- **Action item**
For each entry, output its words exactly and leave any picture behind.

[Items from a data source]
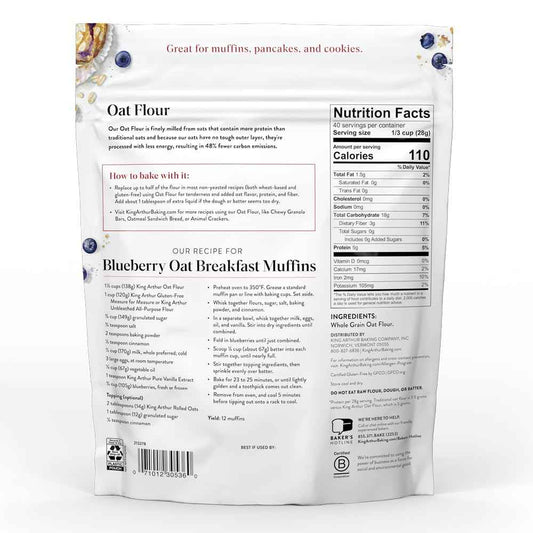 King Arthur Baking Company Gluten-Free Whole Grain Oat Flour 2.5 lbs – Nourishing Gluten-Free Baking for Sensitive Home Bakers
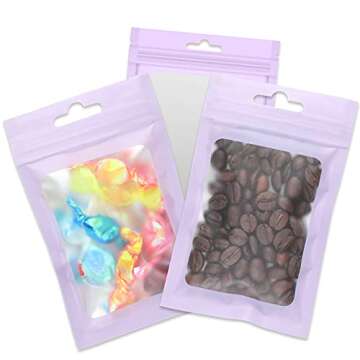 Boao 100 Pieces Resealable Foil Food Storage Bags with Clear Window Coffee Beans Candy Packaging Pouch for Food Small Business Supplies for Jewelry Self Sealed Storage Bags(3 x 4.7 Inch,Light Purple)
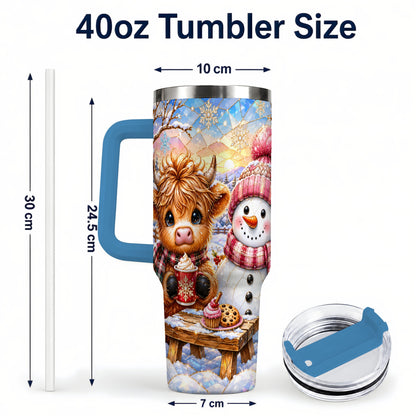 #pl[40oz|Blue] Cow Snowman 40oz Tumbler with Handle, Pink Winter Stainless Steel Cup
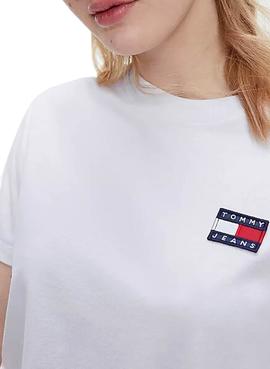 T-Shirt Tommy Jeans Badge Tee Blanc pour Femme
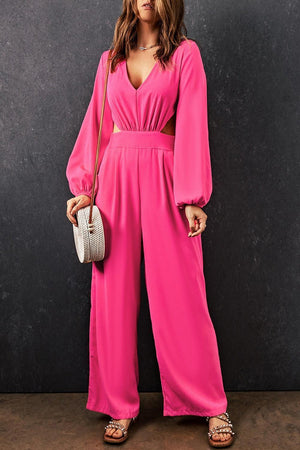 Uptown Girl Wide Leg Pink Long Sleeve Jumpsuit - MXSTUDIO.COM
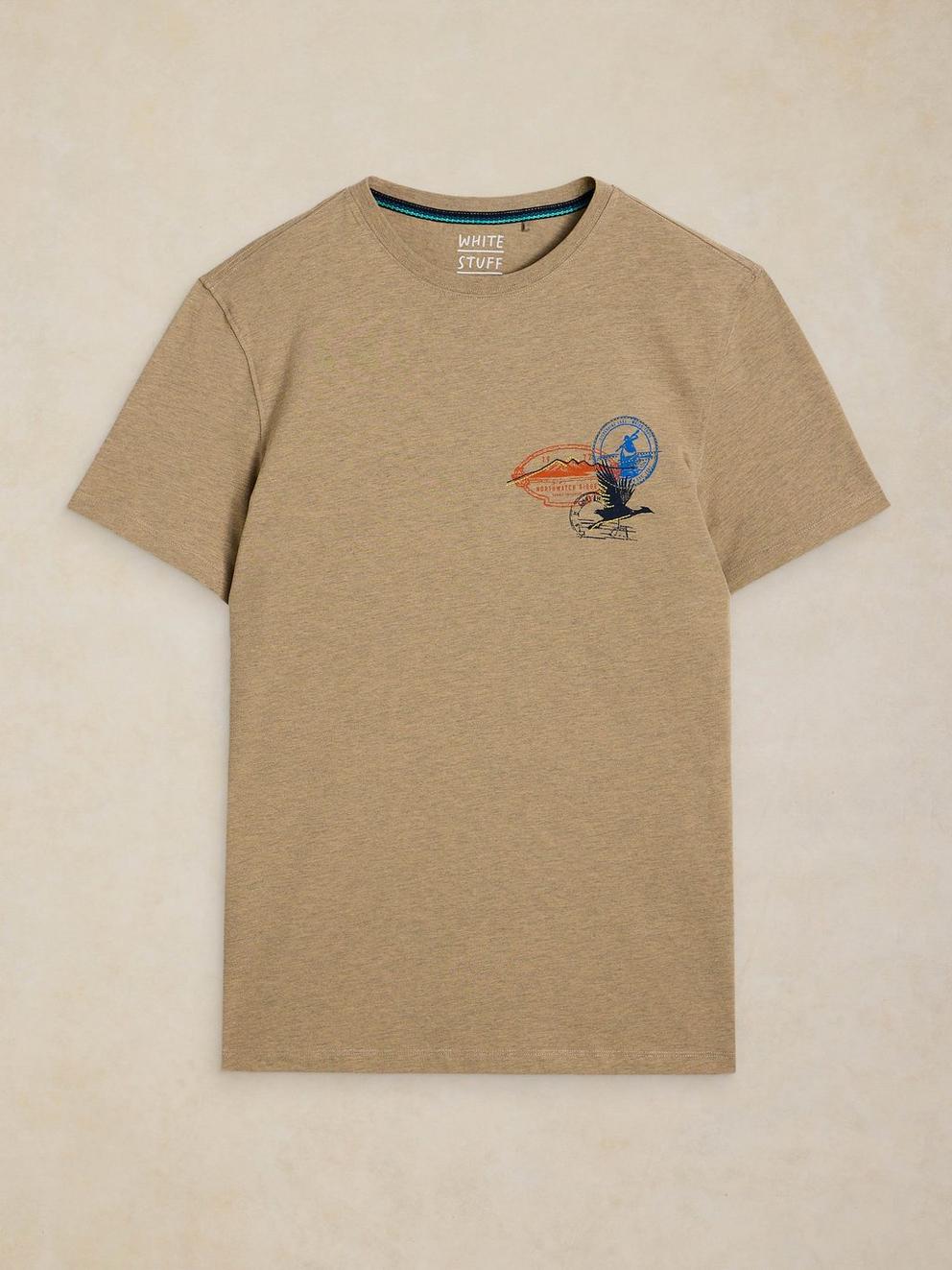 ABERSOCH EMBROIDERED TEE in NAT MLT - FLAT FRONT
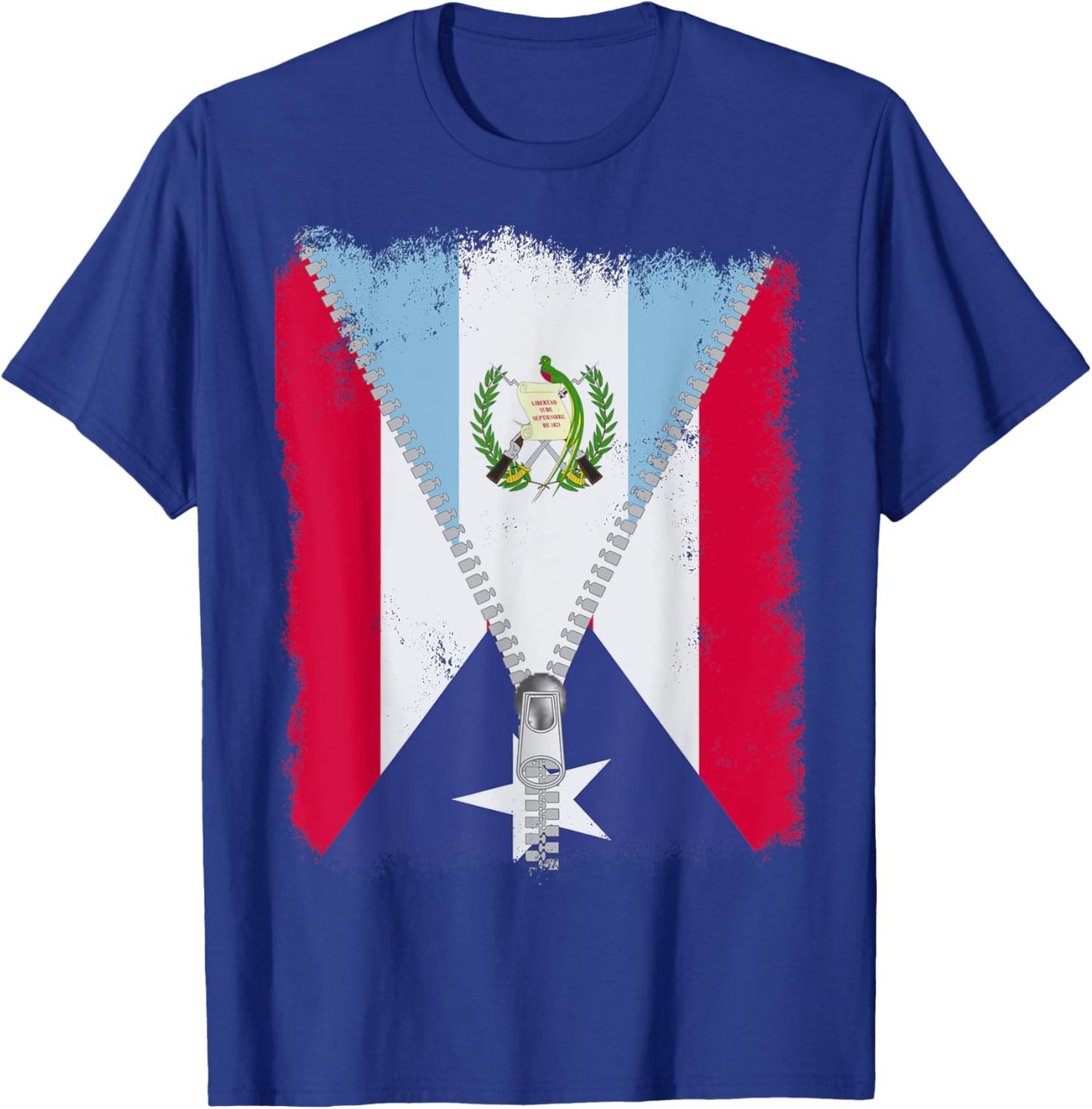 Puerto Rico Flag Guatemalan zip T-Shirt - T-Shirt | Royal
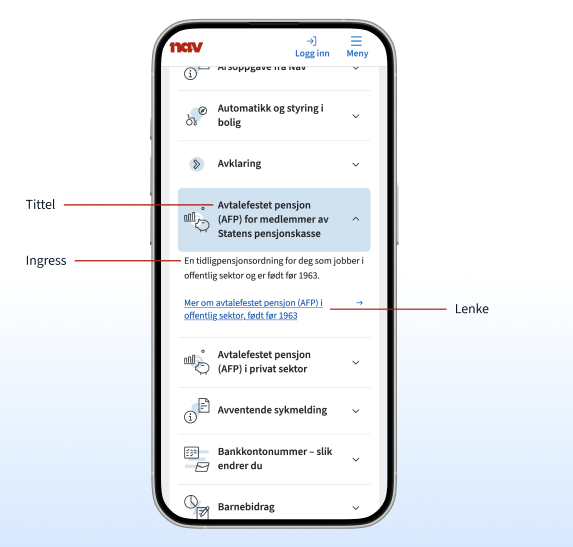 Tidligere mobilversjon av oversikten Pengestøtter og tjenester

- **Task answer**
 King Arthur Baking Company Gluten-Free Whole Grain Oat Flour 2.5 lbs – Nourishing Gluten-Free Baking for Sensitive Home Bakers
 Boao 100 Pieces Resealable Foil Food Storage Bags with Clear Window Coffee Beans Candy Packaging Pouch for Food Small Business Supplies for Jewelry Self Sealed Storage Bags(3 x 4.7 Inch,Light Purple)
 #pl[40oz|Blue] Cow Snowman 40oz Tumbler with Handle, Pink Winter Stainless Steel Cup
 T-Shirt Tommy Jeans Badge Tee Blanc pour Femme
 Uptown Girl Wide Leg Pink Long Sleeve Jumpsuit - MXSTUDIO.COM
 ABERSOCH EMBROIDERED TEE in NAT MLT - FLAT FRONT
 Puerto Rico Flag Guatemalan zip T-Shirt - T-Shirt | Royal
 Tidligere mobilversjon av oversikten Pengestøtter og tjenester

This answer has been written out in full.